- _EXERCISE DIRECTIONS_: Copy verbatim the block of lines in the entries below whose first line contains "Krénusz Vendégház. *" and whose last line contains "Used 2024 Red Ford Platinum image 22". Leave out all other lines.

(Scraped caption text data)
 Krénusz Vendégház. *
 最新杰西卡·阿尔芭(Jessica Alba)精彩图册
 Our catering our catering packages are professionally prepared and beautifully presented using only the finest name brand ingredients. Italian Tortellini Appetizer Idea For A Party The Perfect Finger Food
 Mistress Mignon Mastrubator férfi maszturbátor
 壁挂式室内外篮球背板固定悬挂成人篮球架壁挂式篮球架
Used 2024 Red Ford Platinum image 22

---

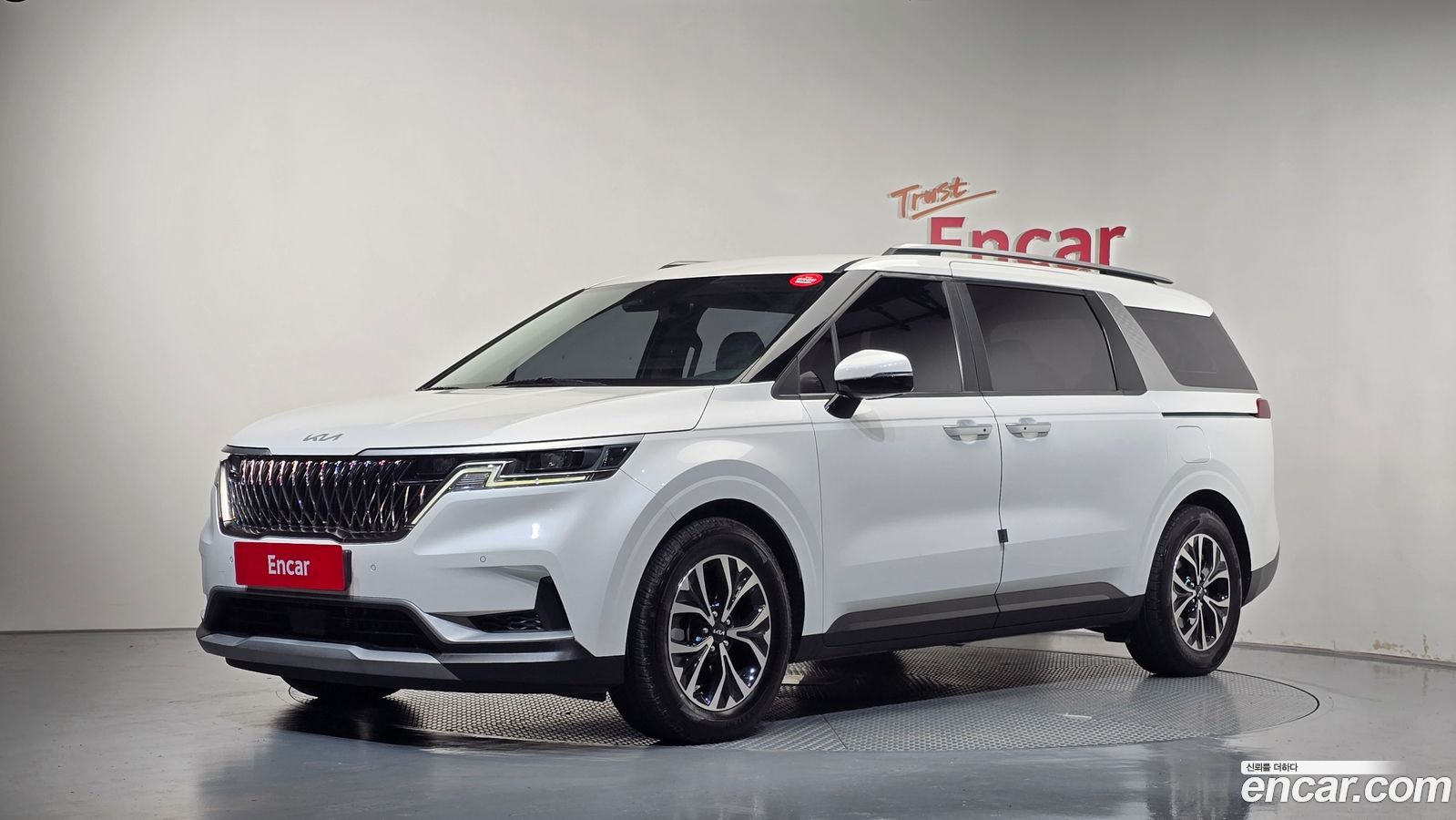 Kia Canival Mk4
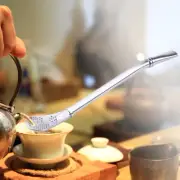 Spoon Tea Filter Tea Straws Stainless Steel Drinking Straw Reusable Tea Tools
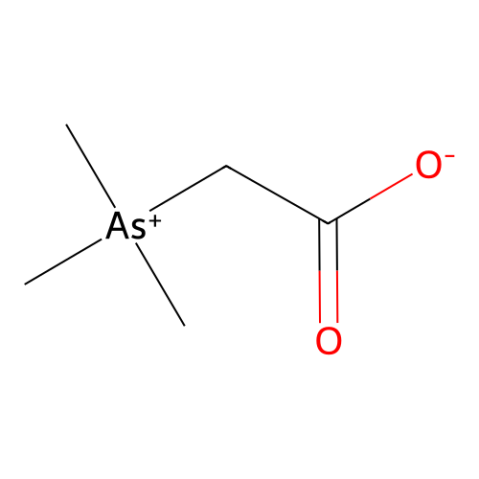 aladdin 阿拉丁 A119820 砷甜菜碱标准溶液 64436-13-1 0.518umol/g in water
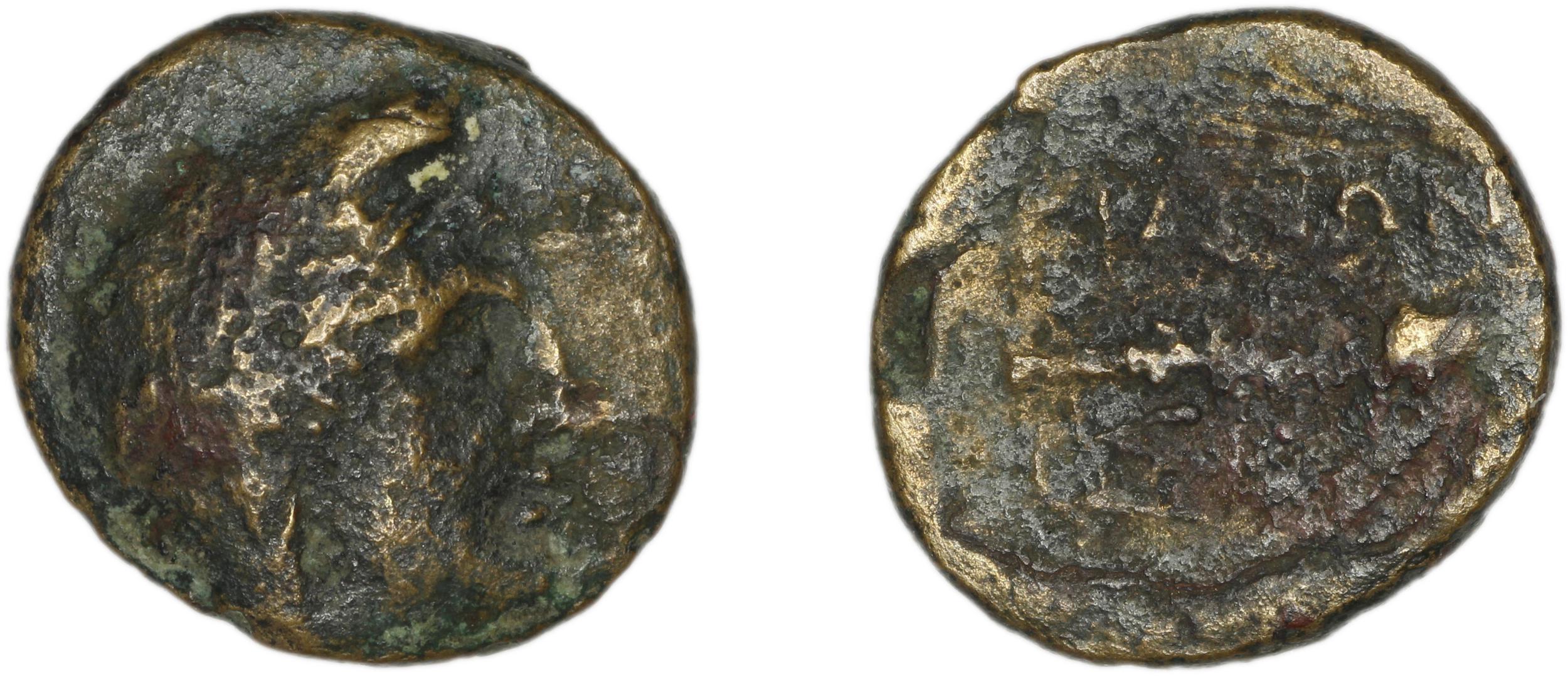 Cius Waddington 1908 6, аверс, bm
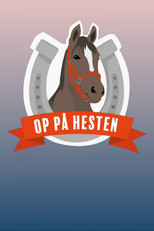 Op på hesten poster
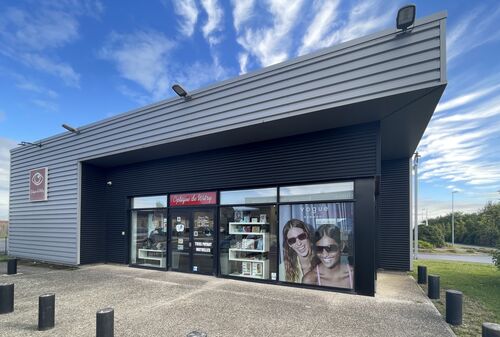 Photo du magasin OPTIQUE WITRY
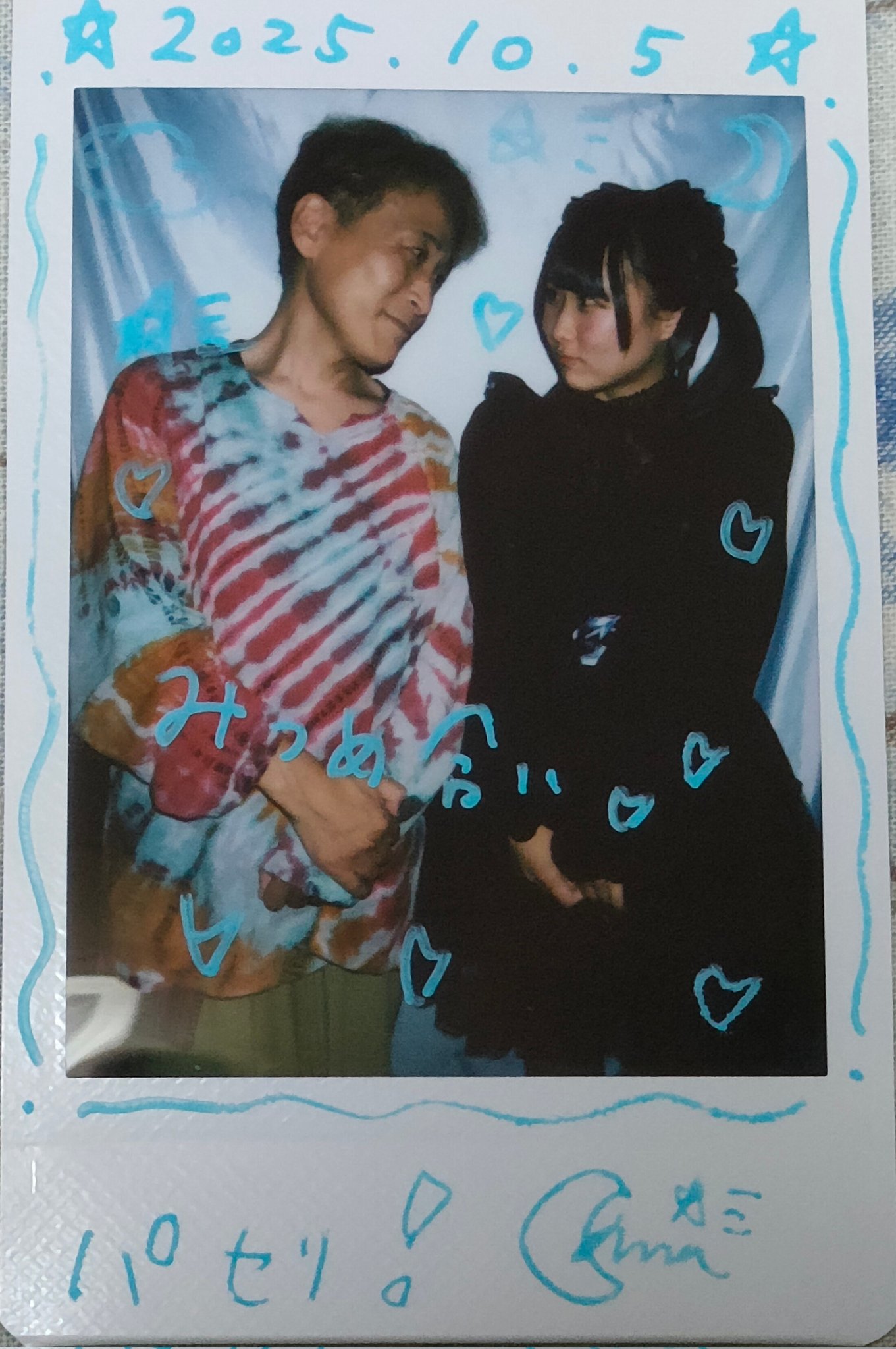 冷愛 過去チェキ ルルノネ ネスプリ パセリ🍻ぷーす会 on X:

- _EXERCISE RESULT_:
 Krénusz Vendégház. *
 最新杰西卡·阿尔芭(Jessica Alba)精彩图册
 Our catering our catering packages are professionally prepared and beautifully presented using only the finest name brand ingredients. Italian Tortellini Appetizer Idea For A Party The Perfect Finger Food
 Mistress Mignon Mastrubator férfi maszturbátor
 壁挂式室内外篮球背板固定悬挂成人篮球架壁挂式篮球架
Used 2024 Red Ford Platinum image 22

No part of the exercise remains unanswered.